THE materials are now extremely scanty from which any thing like a detailed account of the personal history of this truly excellent and devoted minister of Christ could be prepared. Almost all his later, no less than earlier contemporaries and associates, who might have been able to furnish information, have already, like him, been removed by death; and he left no written memorials of himself by which the deficiency can be supplied. He still, however, lives in the revering remembrance of not a few who highly and justly esteemed him in love both for his own and his work's sake; and by such, the following sketch of his life and character, short as it is, will, we have no doubt, be received as an acceptable gift,—while it will form no unsuitable introduction to the volume of his Sermons to which it is thus prefixed.

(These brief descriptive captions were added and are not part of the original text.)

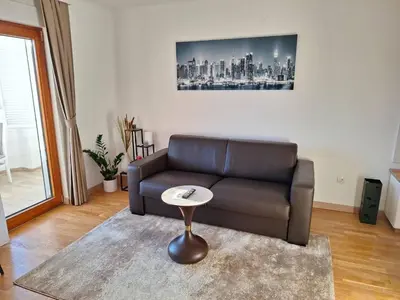 a living room with a couch and a table at Luxury Apartment-Aurora 33 Free Parking City Center in Podgorica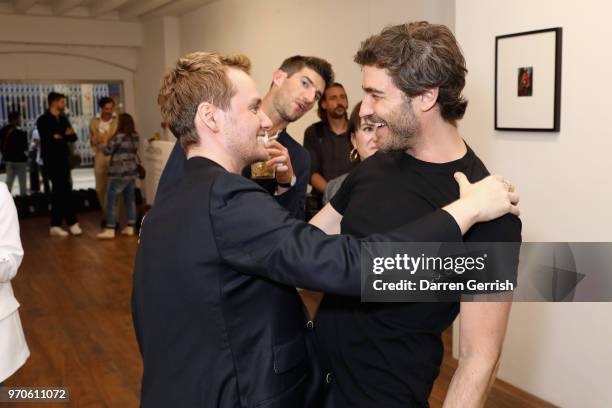 Jonathan Daniel Pryce and Robert Konjic attend as Vogue Hommes Presents GarconJon 10 Years Of Street Style at 13 Floral Street on June 9, 2018 in...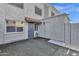 Private patio with gray stucco walls and a gray door at 5406 W Hearn Rd, Glendale, AZ 85306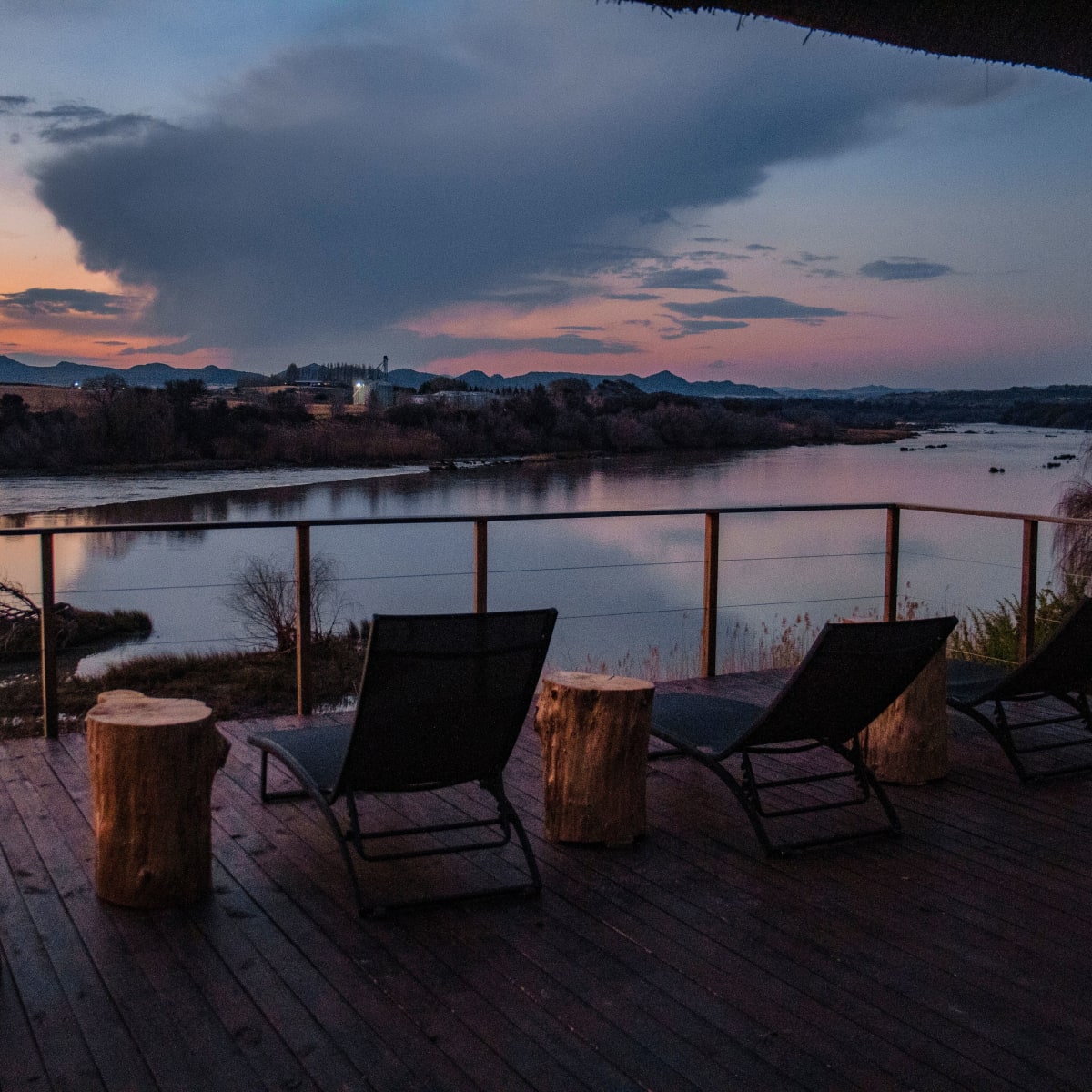 A lodge deck over the river at sunset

DR JOHN COLQUHOUN, the son of a small farmer on the estate of Sir James Colquhoun, Bart. in the parish of Luss, Dumbartonshire, was born on the 1st of January 1748. His first religious impressions appear to have been produced while he was yet in childhood, through the instrumentality of his mother's pious instructions; and they never afterwards seem to have been effaced. The first rudiments of education he received in a neighbouring school, under the Society for Propagating Christian Knowledge in Scotland, where the only branches at that time taught, were English reading, writing, arithmetic, and the principles of religion. The teacher being a

man of decided Christian piety, anxiously endeavoured, in communicating religious knowledge to his scholars, to impress its sacred truths on their hearts no less than their memory, and, through the Divine blessing, not without successful results. To his explanations, examinations, and applications of the answer to the question in the Assembly's Catechism, "What is effectual calling?" Mr Colquhoun, accordingly, always traced his saving conversion to the faith of the Gospel. Thirsting after a fuller acquaintance with religious truth, his enlightened teacher particularly recommended him to procure a copy of Boston's Fourfold State, as well fitted to promote his religious improvement. This, however, was not in those days so easily accomplished as now; but so eager was he to obtain it, that he travelled on foot all the way to Glasgow,-a distance, going and returning, probably about 50 miles,-for that purpose alone; and came back rejoicing in the valuable treasure. To this, in time, he added Boston's other works; and these he ever afterwards regarded as next to the Bible, his great authorities, and as it were text books,-studying them with unwearied diligence, and transferring their very substance as well as sentiments into his own discourses and writings.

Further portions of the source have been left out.